EVENT REGISTRATION: The event is Monday, April 11, at 8:30 a.m. at the National Press Club. The media and public are invited to attend. Space is limited and pre-registration is requested. Click here to register.
Presenting at the event will be Professor Fernando Reimers and Dr. Connie Chung, from the Harvard Graduate School of Education, as well as Professors Oon Sen Tang and Ee Ling Low from the National Institute of Education in Singapore.
The presentation of the findings will be followed by discussion from:
- Former U.S. Assistant Secretary of Education and current President of the Association for Supervision and Curriculum Development Deborah Delisle
- Assistant Secretary for International Affairs for the Department of Homeland Security and former California Secretary of Education Alan Bersin
- Illinois Teacher of the Year in 2007 and President of the Teacher of the Year Organization Joe Fatheree
The Global Education Innovation Initiative at the Harvard Graduate School of Education supports the development of global education leadership for 21st century education by conducting research on innovative practices, training leaders, and creating a dynamic learning network of global partners interested in educational innovation.
This book presents research results from their ongoing cross-national research on how different national education systems prepare the young with the competencies they need to thrive in the 21st century.
While the phrase “21st century education” often means an education that involves technology, the researchers have found that the kinds of competencies needed for work and life during a century that will likely be defined by “volatility, uncertainty, complexity and ambiguity” encompass far more than technological competencies, the authors said.
In the new book, Teaching and Learning for the Twenty-First Century: Educational Goals, Policies, and Curricula from Six Nations (Harvard Education Press, 2016), Fernando Reimers and Connie K. Chung collaborated with researchers from Chile, China, India, Mexico and Singapore for more than 18 months to synthesize research on 21st century skills and analyze national curriculum frameworks using a taxonomy reflecting that synthesis.
They also conducted case studies to discern what factors had shaped the goals and purposes of public education in the countries studied. The book may be ordered here.
In particular, Chung and Reimers explored how national curricular frameworks and policies from these five countries and the United States prioritize, define, support and encourage the competencies that students need to thrive in the 21st century.

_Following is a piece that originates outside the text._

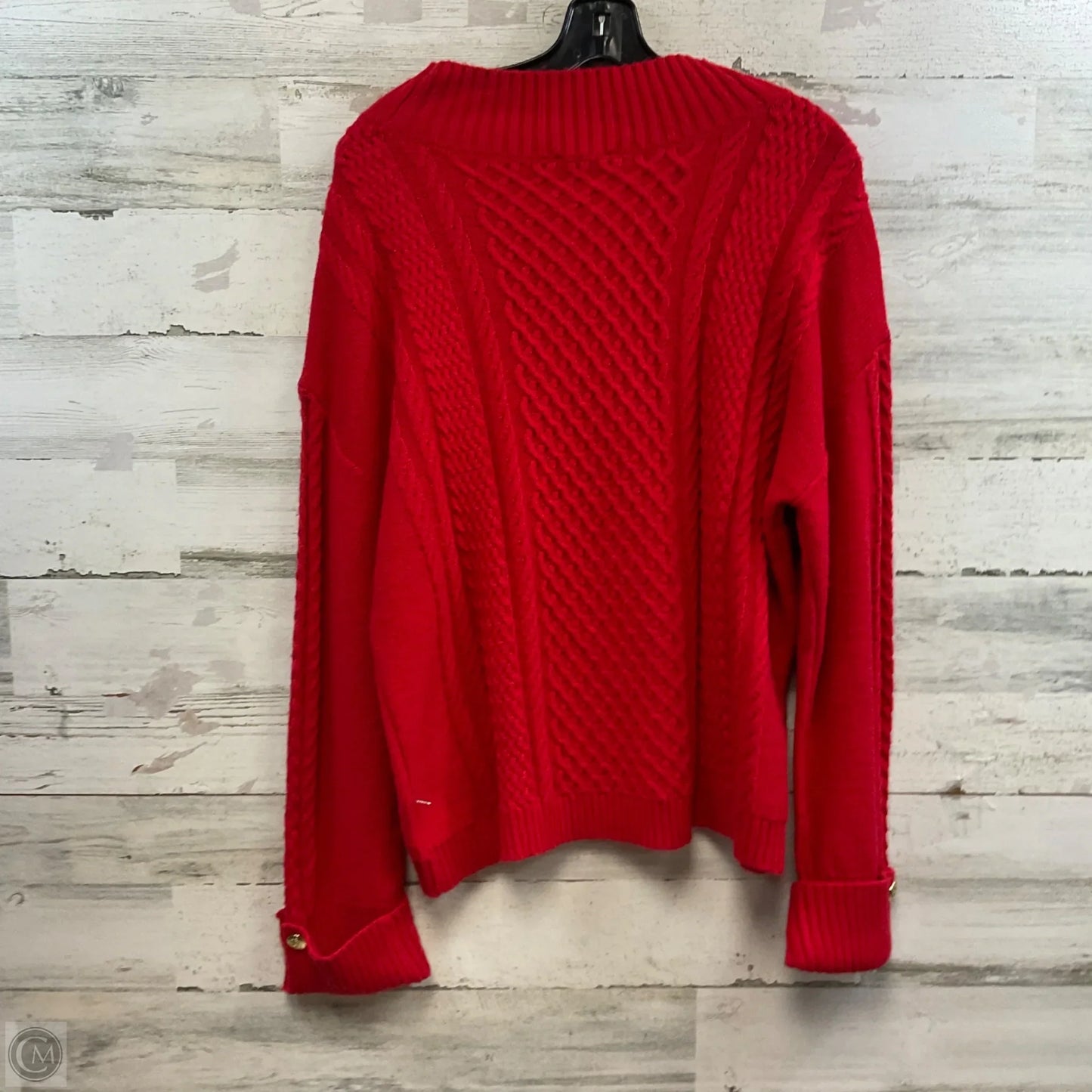 Sweater By Talbots In Red, Size: L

“While discussions about educational policies are not new, there exists little research that looks at the mechanisms by which these goals and purposes of education are made into policy and prioritized to help develop and support relevant competencies in students,” Chung said. “We know even less about how these processes and skills may be influenced by social, political and other system contexts.”

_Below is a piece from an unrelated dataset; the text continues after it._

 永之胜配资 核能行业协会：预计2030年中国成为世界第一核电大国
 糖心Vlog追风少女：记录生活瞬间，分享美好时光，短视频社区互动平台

Across the globe, educational systems have broadened their goals to include competencies beyond the traditional literacies of math, reading, science and history. They may, for example, include a particular focus on citizenship, as in Chile or Singapore, or they may include teaching higher order thinking skills, as in China or the United States.
“Our study found that as the learning goals were broadened in these countries, educational systems are trying to close the gap between aspirations and classroom practice, in different ways and to differing degrees,” Reimers said. “Doing so successfully will require a different kind of leadership than the leadership which has been successful expanding access to schools. The challenge now is to go beyond making education systems inclusive and efficient, to making them relevant to the needs of the 21st century.”
Chung is the Research Director for the Global Education Initiative at the Harvard Graduate School of Education. Reimers is the Ford Foundation Professor of Practice in International Education and the director of the Global Education Innovation Initiative and the International Education Policy Program at the Harvard Graduate School of Education.